L’esprit et l’ascendant allemands sont trop profondément enracinés dans le sol pour s’en laisser aisément extirper, et l’on ne saurait s’attacher un pays sans tenir compte de ses coutumes et traditions. En suivant toutes les inspirations des russificateurs à outrance, le gouvernement de Pétersbourg, sous prétexte d’assimiler le pays baltique, courrait le risque de se l’aliéner, le risque d’y créer un parti séparatiste, en irritant les classes dominantes et ces Allemands-Russes qui ont toujours été fidèles aux tsars et qui, de Barclay de Tolly à Totleben et d’Ostermann à Nesselrod, leur ont fourni plus d’un illustre général ou d’un ministre distingué. Sur la Duna, de même que sur la Vistule et le Dnieper, le meilleur moyen d’assurer la domination russe est encore de la rendre douce, de ne point violenter les traditions et les mœurs locales, autant du moins qu’elles sont compatibles avec l’esprit du siècle et le maintien de l’intégrité de l’empire[1].

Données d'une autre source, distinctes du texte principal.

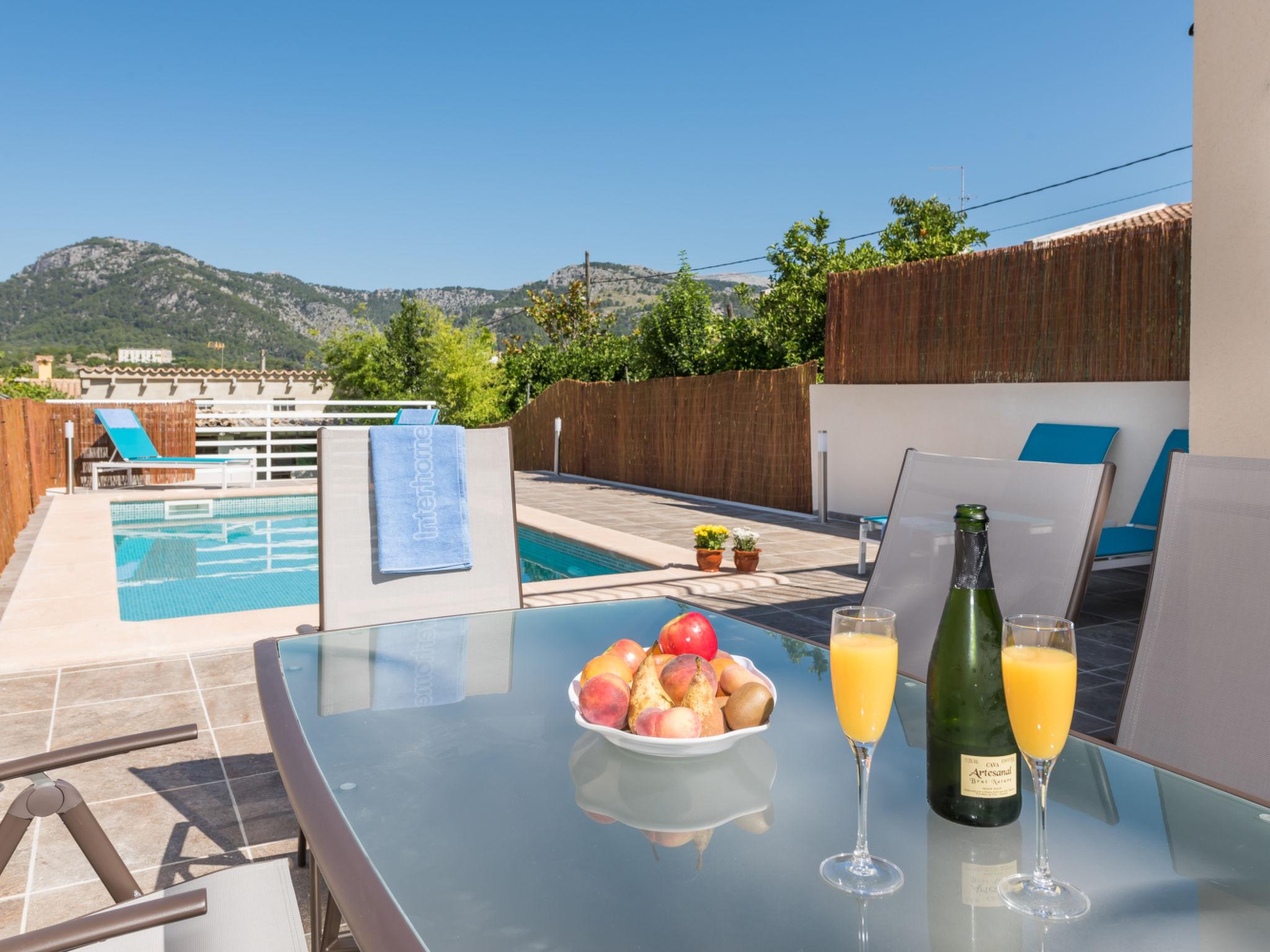 Photo 12 - Maison de 3 chambres à Campanet avec piscine privée et vues à la mer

Les provinces baltiques ne sont pas les seules où les Russes aient à surveiller le germanisme ; en réalité, ce ne sont même peut-être pas celles où le niémets est pour eux le plus à redouter. Courlande, Livonie, Esthonie sont, de par la géographie, enchaînées au grand empire dont

  1. Aucune question peut-être en Europe n’a donné lieu à une aussi grande mnltitude d’écrits de toute sorte que cette question des provinces baltiques, qu’il nous est impossible d’examiner ici en détail. Il y aurait de quoi composer tout une bibliothèque avec les livres et brochures en russe et surtout en allemand, suscités par l’apparition des Okraïni Rossii (Frontières de la Russie) de George Samarine.